Now suppose that we are interested in 4-coloring the vertices of all possible planar triangulations (this is the "Four Color Problem" since if you can 4-color maximal planar graphs, you can do them all ;-) A minimum-vertex counterexample (if one existed) could not have a separating triangle. Why?
For Monday, April 22, I asked some of you to rewrite the second quiz but everyone ought to try it. Here is a sketch of what you should be ready to explain on Monday: We can define a natural function phi from the set 2^E(G coprod H) to 2^{E(G)} x 2^{E(H)} by phi(F) = (F intersect E(G), F intersect E(H)), where F is any element of the powerset of the edges in the coproduct of G and H. (The notation 2^A for the powerset of a set A, i.e., the set of all of its subsets, comes from replacing a subset by its characteristic function.) I won't define the technical sense of ``natural'' but you should check that in particular phi is both 1-1 and onto; these are immediate once you realize that E(G coproduct H) = E(G) coproduct E(H), and coproduct means disjoint union of graphs or of sets.
Now for any graph G let PM(G) denote the set of all perfect matchings in G - so the cardinality of PM(G) is pm(G). Of course, PM(G) is a subset of 2^{E(G)}. Show that phi(PM(G coproduct H)) = PM(G) x PM(H). Why does this suffice?

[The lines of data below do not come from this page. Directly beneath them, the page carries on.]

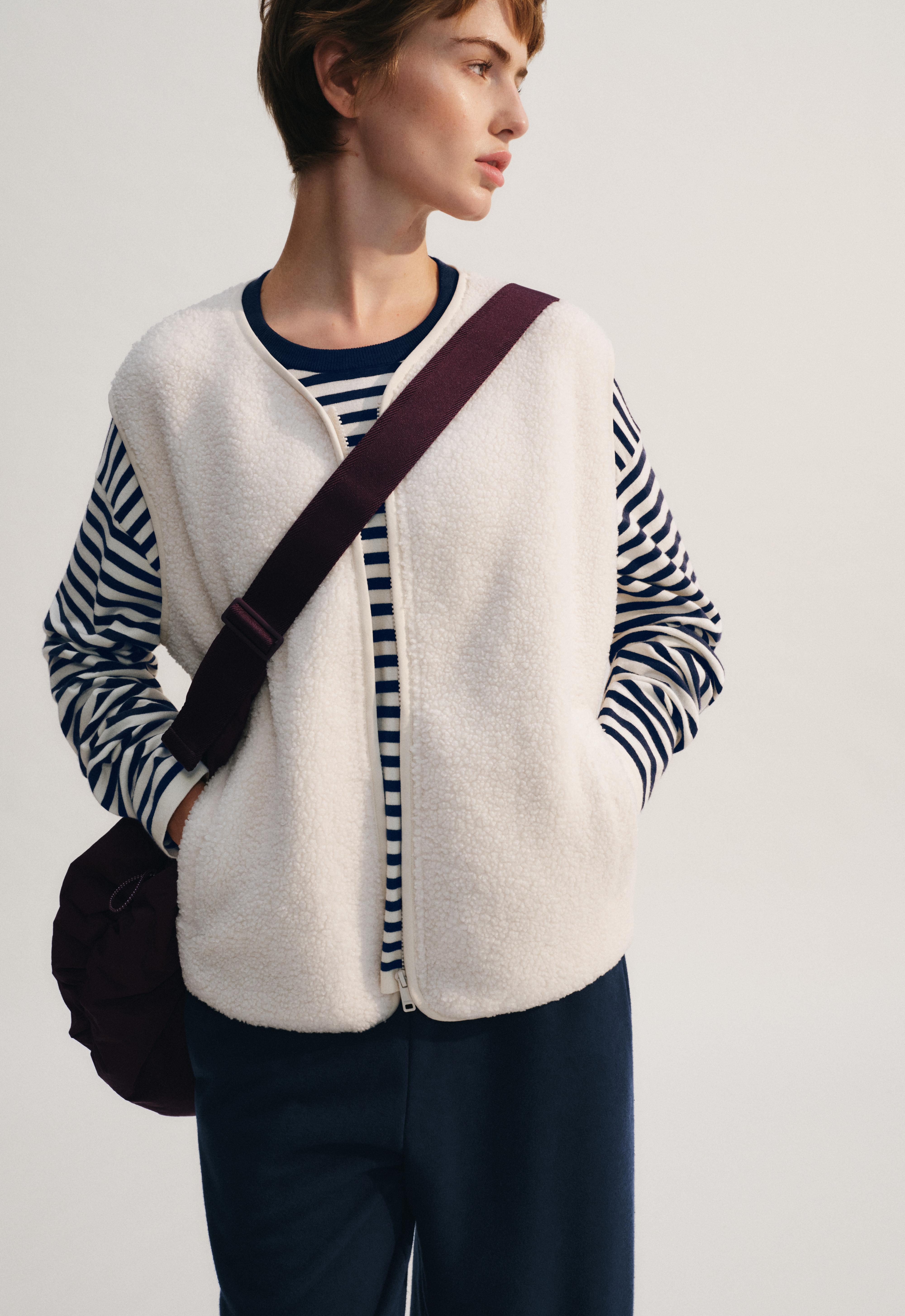 Faux-shearling zip gilet — ECRU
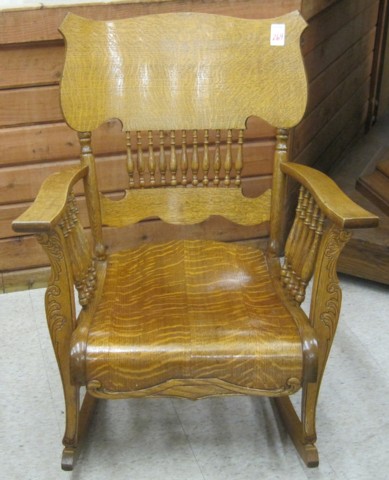 LATE VICTORIAN OAK ROCKING ARMCHAIR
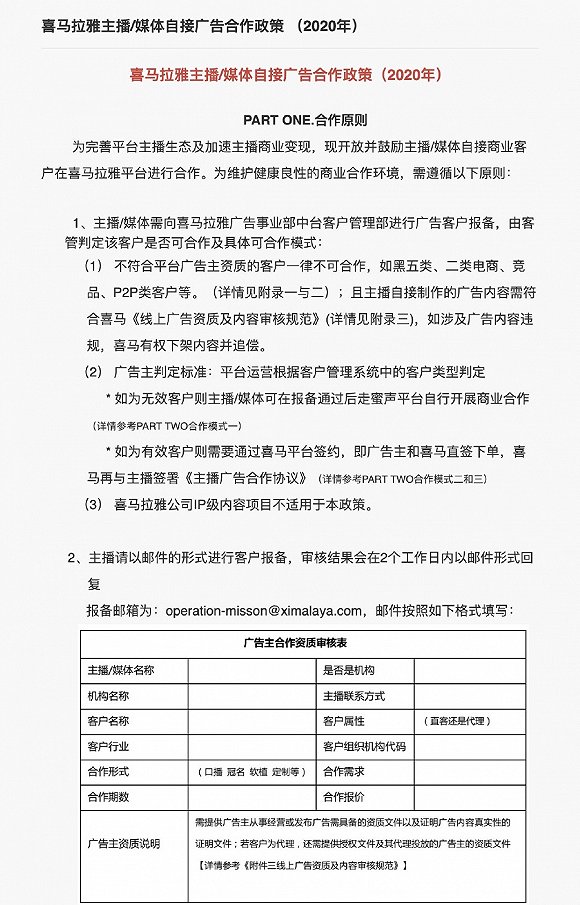 喜马拉雅推出多项强硬广告合作政策 内容创作者
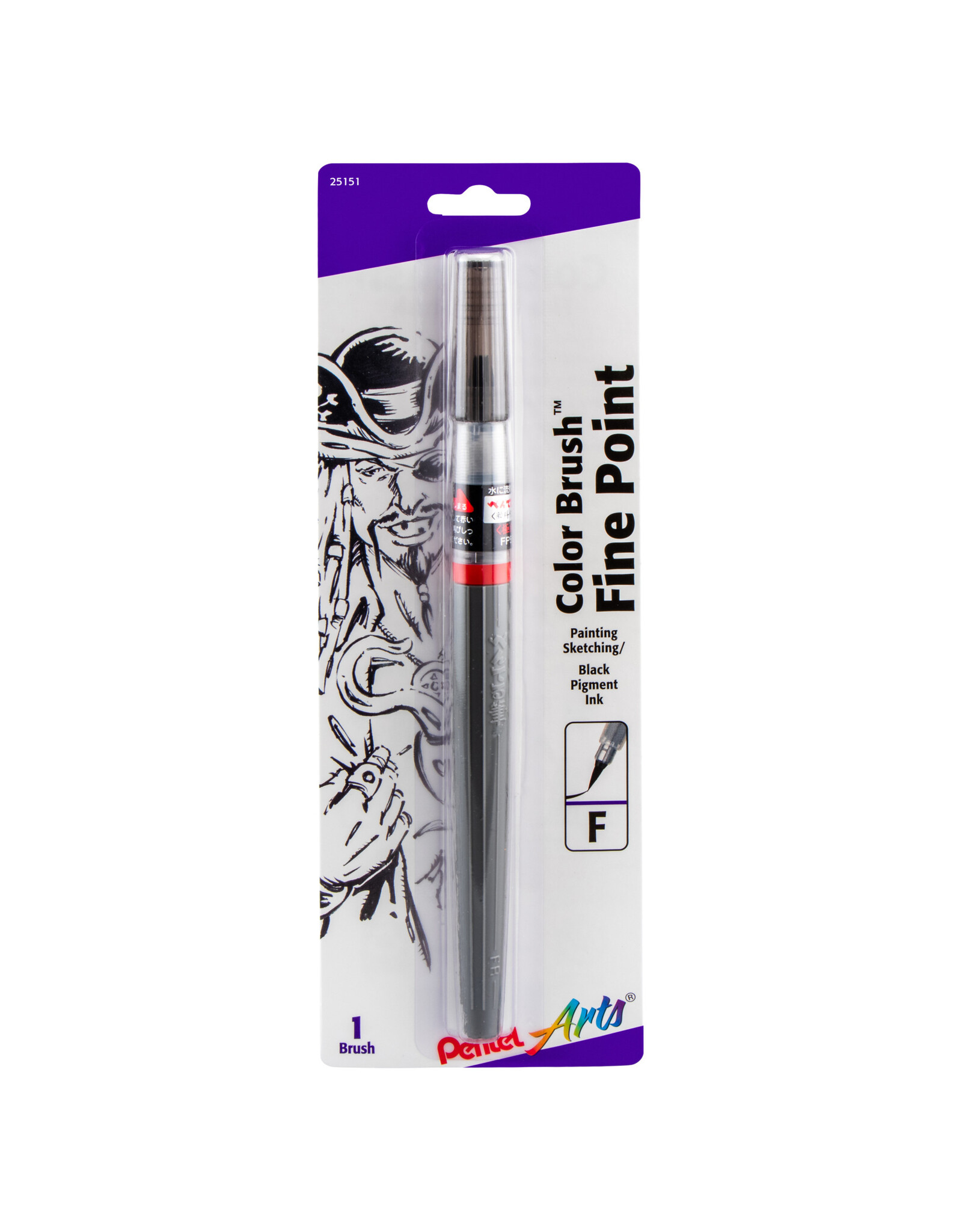  Pentel Color Brush Pen, Black (GFLBP101) : Arts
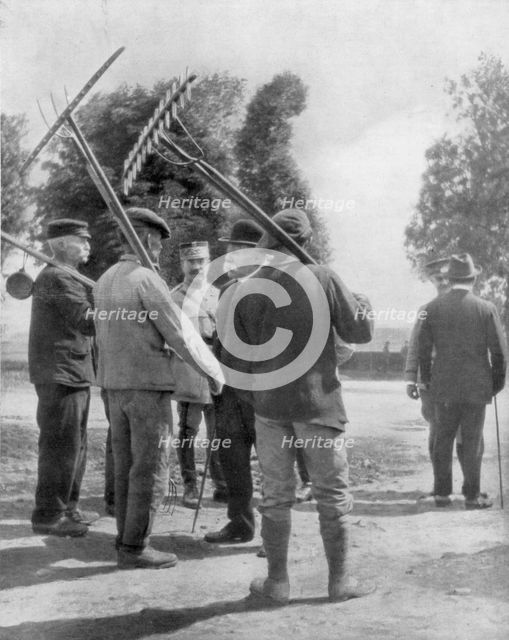 Georges Clemenceau talking with farmers near the front, Chemin des Dames, France, 1918. Artist: Unknown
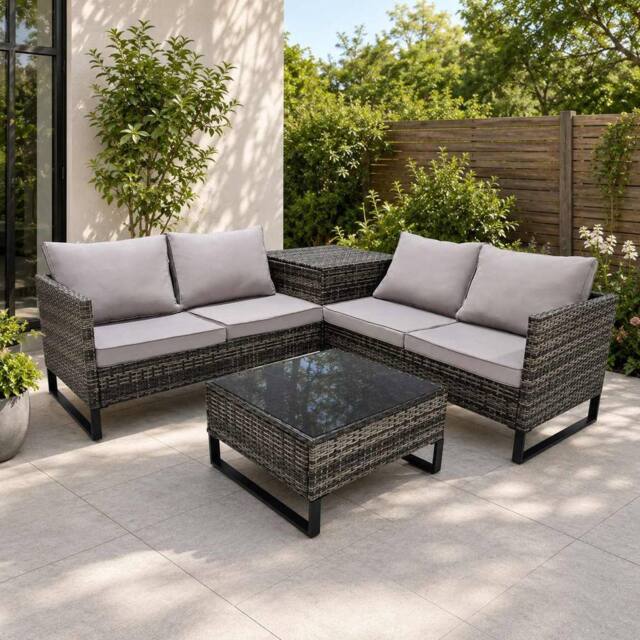Alivio 4-Piece Rattan Patio Furniture Set with Corner Sofa, Cushioned Seating & Glass Coffee Table in Grey - Size: 130 cm x 60 cm - image 1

For Wed., Apr. 17, think about your proof in problem 1 below that a_3(T) = upper-floor(Delta(T)/3) where T is a tree and Delta(T) is its maximum degree. Have you justified things clearly? Is your argument extendable to arbitrary positive integer values of k replacing 3?
Similarly, compare your argument for chi + chi-bar <= n+1 to the one I gave out in xerox copy.
Here is the take-home:
(1) Let a_3(G) be the smallest integer k such that
E(G) = F_1 + F_2 + ... + F_k,
with G(F_j) a forest having maximum degree 3, for 1 <= j <= k;
it is easy to check that with 3 replaced by 2, this would be the
definition of linear arboricity. Clearly, a_3(G) is at least
the upper-floor of Delta(G)/3 since each forest can use up at
most three edges at any vertex. Formulate a conjecture for
the value of a_3(T) when T is a tree and try to prove your conjecture.
(2) How many perfect matchings does the Petersen graph have?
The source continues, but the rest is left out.